TAXPAYERS of the United States (U.S.) who conduct business in Guyana will now be forced to ensure that they are fully tax-compliant, as this country has operationlised the Foreign Account Tax Compliance Act (FATCA).
The Act, which aims to strengthen international financial regulations, was operationlised after it was published in the Official Gazette on May 31, 2017. Recognition of the need to tighten regulations to reduce tax evasion lead to the U.S. introducing FATCA in 2010.
According to the U.S. Department of the Treasury, this Act requires foreign financial institutions (FFIs) to report to the Internal Revenue Service (IRS), information about financial accounts held by U.S. taxpayers, or by foreign entities in which U.S. taxpayers hold a substantial ownership interest.

Guyana has several U.S. companies operating here, with the latest and perhaps the largest, being ExxonMobil which is currently drilling for oil offshore.
In an interview with Kaieteur News last year, Chartered Accountant Shawn Naughton, had explained that simply put, FATCA is the U.S. requiring information on foreign assets held by its taxpayers. He explained that the U.S. will also be able to better locate its taxpayers as a result of information received under FATCA. “From this information, the USA will be able to determine which taxpayers have not been reporting all of their incomes and assets. This knowledge could then lead to the relevant persons being assessed for additional taxes and associated penalties by the IRS,” the accountant said.
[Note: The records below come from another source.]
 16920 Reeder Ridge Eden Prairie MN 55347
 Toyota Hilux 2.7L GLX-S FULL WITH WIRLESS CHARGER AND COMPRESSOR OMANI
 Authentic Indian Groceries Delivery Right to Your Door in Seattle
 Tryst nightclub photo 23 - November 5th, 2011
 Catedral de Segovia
A FFI that does not enter into an agreement with the IRS will be subject to a 30 per cent withholding tax on certain payments, including U.S. source interest and dividends, and gross proceeds from sales of U.S. securities.
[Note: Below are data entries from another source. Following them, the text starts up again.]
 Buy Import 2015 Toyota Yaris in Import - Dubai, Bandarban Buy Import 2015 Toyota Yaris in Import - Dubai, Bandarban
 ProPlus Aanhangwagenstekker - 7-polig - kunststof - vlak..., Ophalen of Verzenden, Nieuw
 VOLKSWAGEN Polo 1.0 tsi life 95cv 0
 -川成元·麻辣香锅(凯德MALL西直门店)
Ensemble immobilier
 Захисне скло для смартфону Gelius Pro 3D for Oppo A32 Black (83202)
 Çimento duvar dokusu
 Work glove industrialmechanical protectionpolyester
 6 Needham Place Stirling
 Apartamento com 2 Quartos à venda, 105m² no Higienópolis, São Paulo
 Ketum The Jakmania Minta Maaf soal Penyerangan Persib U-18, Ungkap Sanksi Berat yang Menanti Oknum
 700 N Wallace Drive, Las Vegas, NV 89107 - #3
Congress enacted FATCA to target non-compliance by U.S. taxpayers using foreign accounts, and the provision has since become the global standard for promoting tax transparency. It requires U.S. financial institutions to withhold a portion of certain payments made to FFIs that do not agree to identify and report information on US account holders.
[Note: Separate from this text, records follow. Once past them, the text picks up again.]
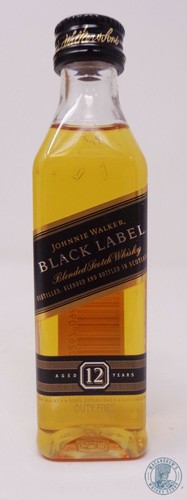 Miniature mignon scotch - miniature,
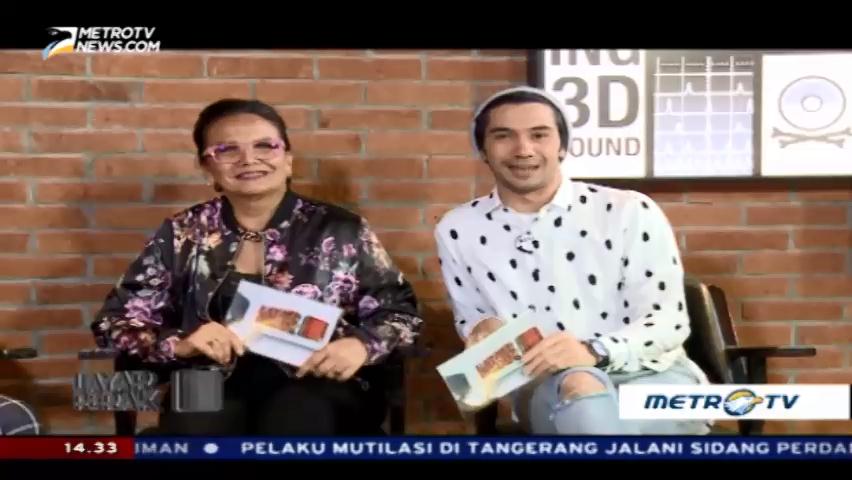 Jangkrik Boss Part I (2)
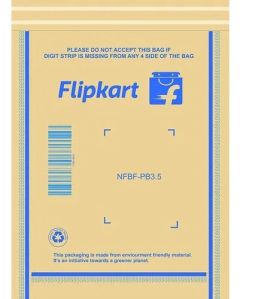 Flipkart Paper Bags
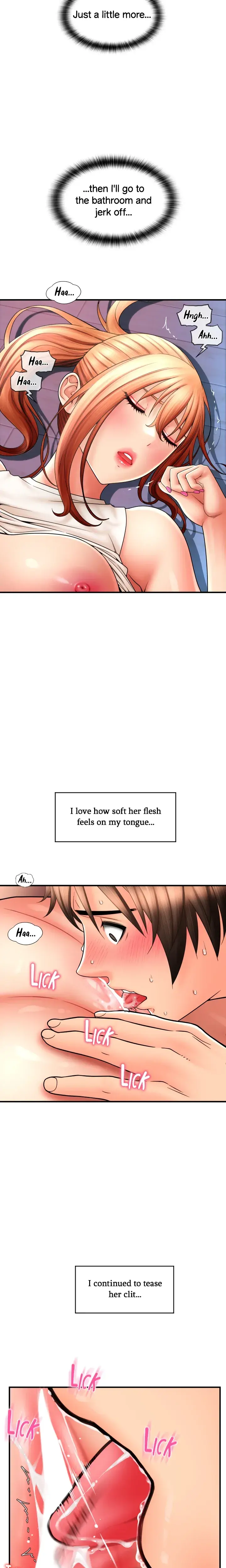 You Can Pay With Sperm Pay Chapter 25 - Page 18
Governments have two options for complying with FATCA: they can either permit their FFIs to enter into agreement with the IRS, or they can themselves enter into IGAs with the U.S. In Guyana’s case, the latter was chosen, and an intergovernmental agreement was entered into with the U.S. in 2016.

At a post-Cabinet press briefing last year, Minister of State Joseph Harmon had said that the agreement will allow financial institutions in Guyana to identify and disclose details regarding the holders of dollar accounts. He added too that: “The signing of this IGA will also allow the conclusion of the service agreement with the software provider for the installation of reporting software relating to the Foreign Accounts Tax Compliance Act (FATCA), thus bolstering Guyana’s anti- money laundering and countering financing of terrorism thrust.”